Meewerk- en stakingsaftrek

Voor ondernemers in de inkomstenbelasting wordt de meewerkaftrek afgeschaft. Die aftrek kan worden geclaimd door een ondernemer die aan het urencriterium voldoet en van wie de fiscaal partner minstens 525 uren meewerkt in de onderneming. De mogelijkheid om de fiscaal partner een meewerkbeloning toe te kennen, blijft wel bestaan.

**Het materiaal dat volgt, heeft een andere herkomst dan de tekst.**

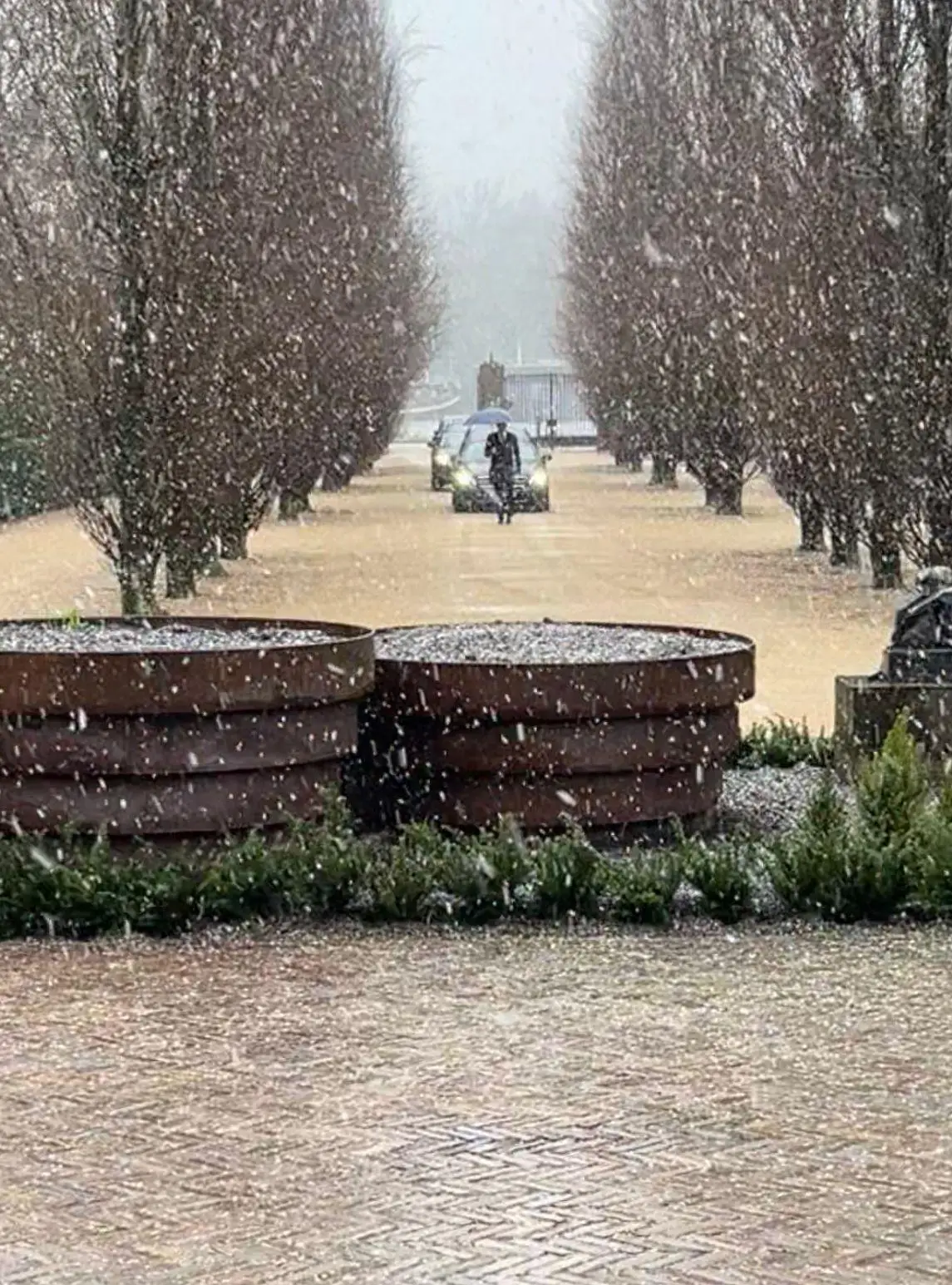 Foto van Sieto de Vos Uitvaarten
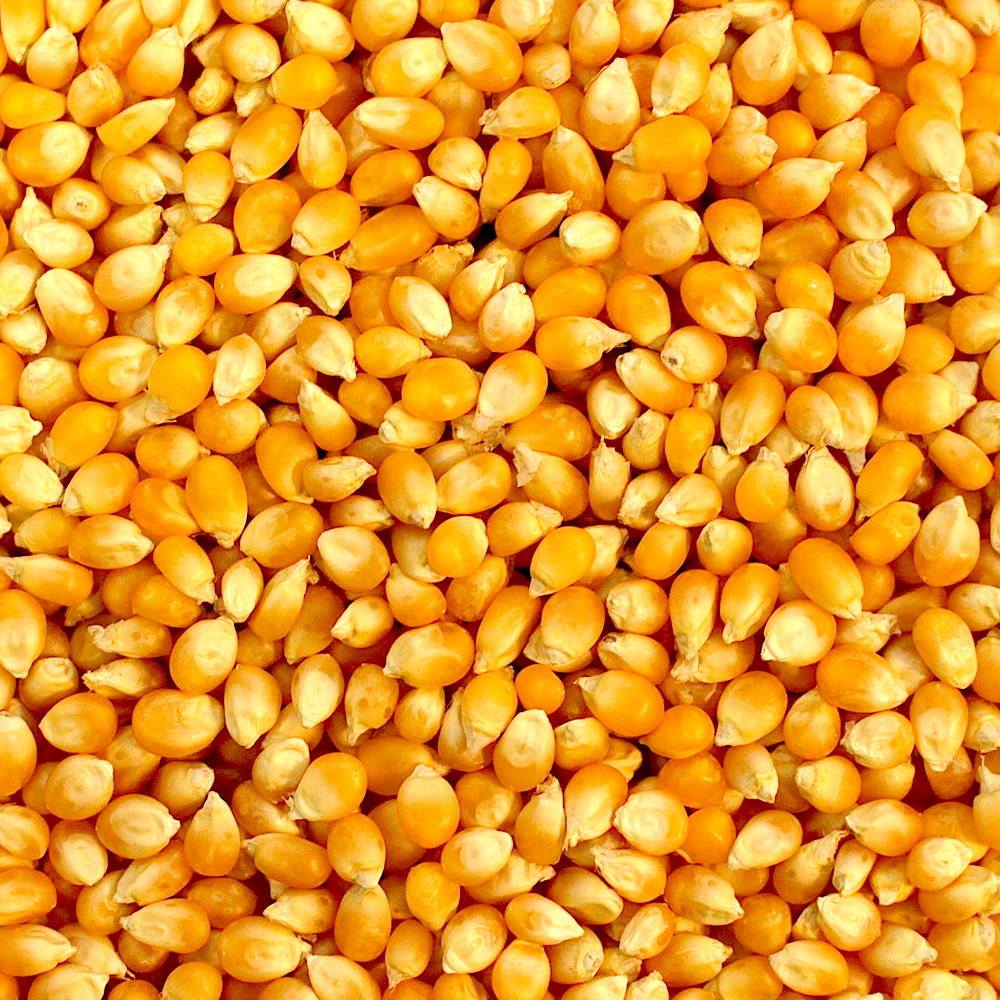 Maíz amarillo y blanco disponible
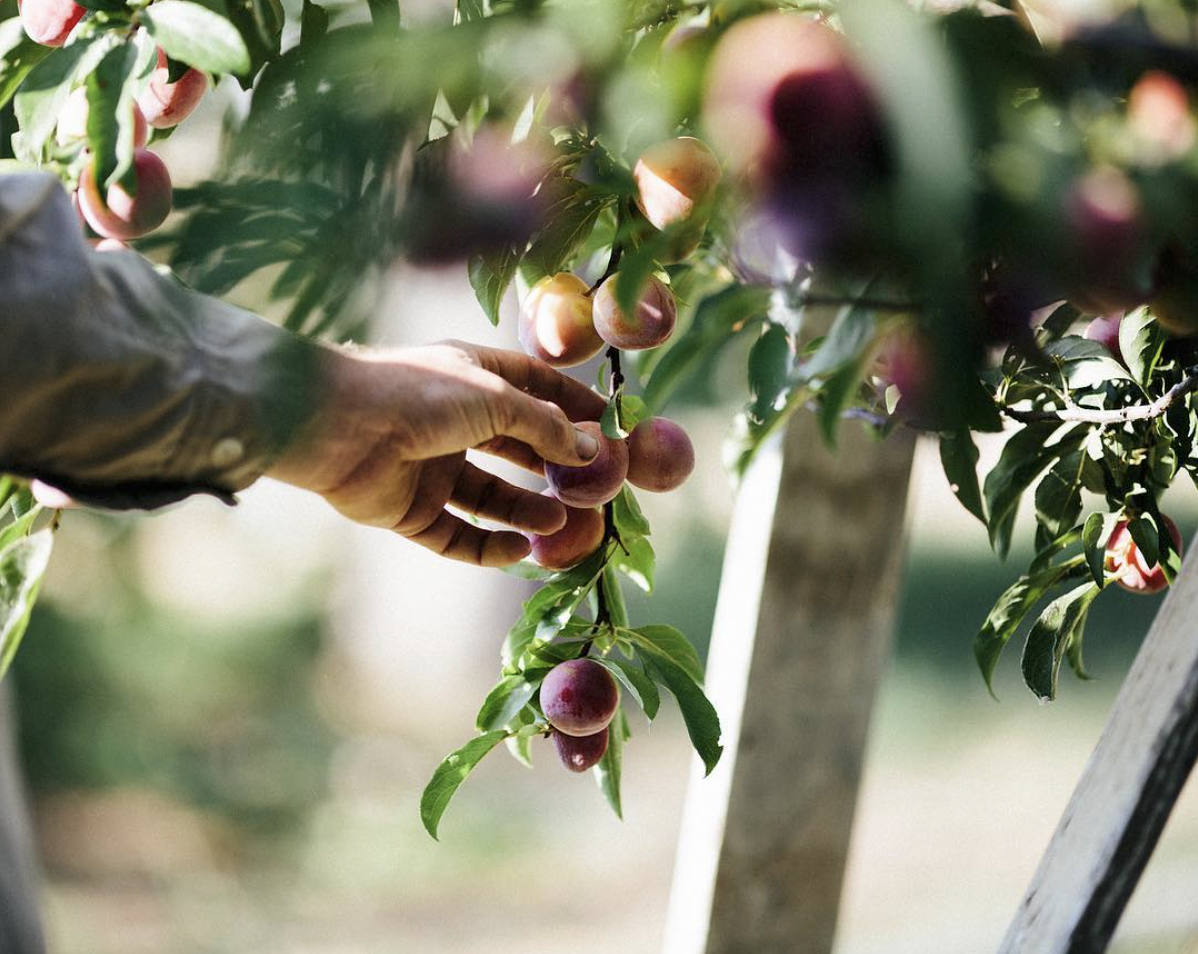 A person harvesting ripe peaches from a tree in an orchard.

Ondernemers die hun onderneming staken, mogen op de stakingswinst de stakingsaftrek in mindering brengen. De stakingsaftrek mag iedere ondernemer één keer in zijn of haar leven toepassen en bedraagt op dit moment € 3.630. Dit bedrag wordt met ingang van 2027 verlaagd naar € 908 en vanaf 2030 afgeschaft.

BTW

Het terugdraaien van de (nog niet ingegane) verhoging van het BTW-tarief op cultuur, media en sport was al aangekondigd en wordt in de voorjaarsnota definitief gemaakt. De ervoor benodigde dekking (een slordige € 1,3 miljard) wordt gevonden in het voor 2026 niet volledig doorvoeren van de inflatiecorrectie in de tarieven van de inkomstenbelasting.

Logies verhuizen per 1 januari 2026 wel van het verlaagde BTW-tarief van 9% naar het algemene tarief van 21%. Bij boekingen in 2025 voor overnachtingen in 2026 moet al rekening worden gehouden met het tarief van 21%.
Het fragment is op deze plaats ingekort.